• **ASSIGNMENT**:
Please write out every line of the material, leaving out any picture.

• **DATASET SECTION**:
※
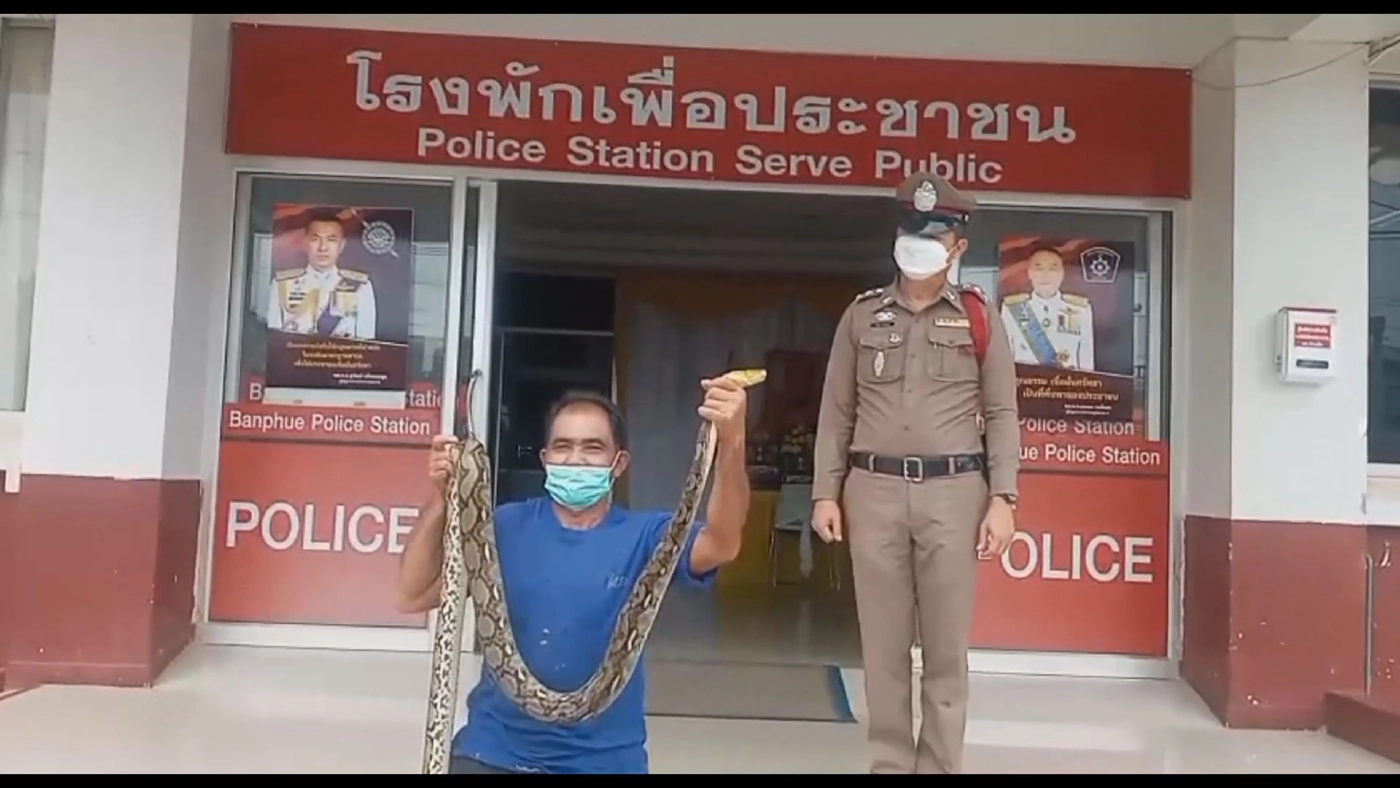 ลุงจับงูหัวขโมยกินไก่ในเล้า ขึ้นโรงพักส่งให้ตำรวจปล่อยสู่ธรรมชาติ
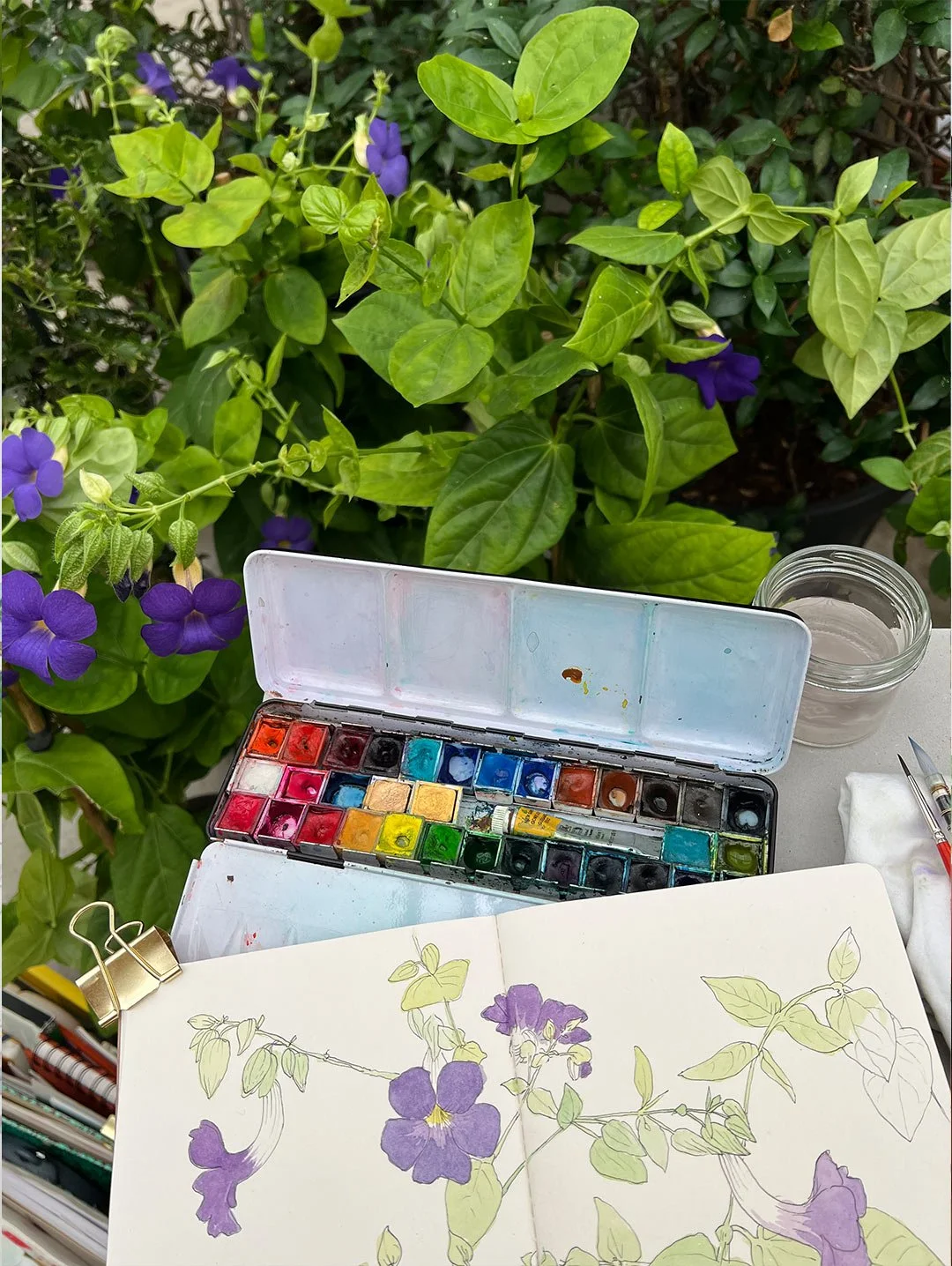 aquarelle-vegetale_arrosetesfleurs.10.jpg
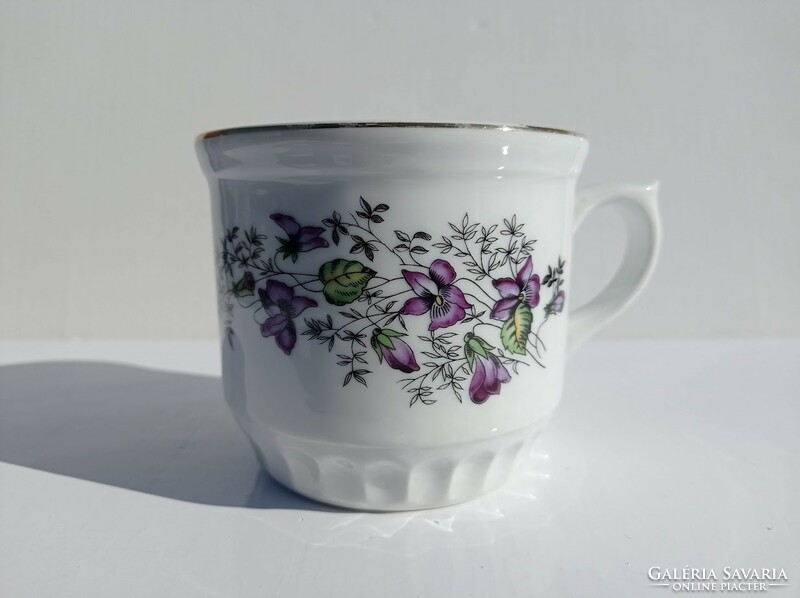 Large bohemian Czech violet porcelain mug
※
• **COMPLETED EXERCISE**:
 ลุงจับงูหัวขโมยกินไก่ในเล้า ขึ้นโรงพักส่งให้ตำรวจปล่อยสู่ธรรมชาติ
 aquarelle-vegetale_arrosetesfleurs.10.jpg
 Large bohemian Czech violet porcelain mug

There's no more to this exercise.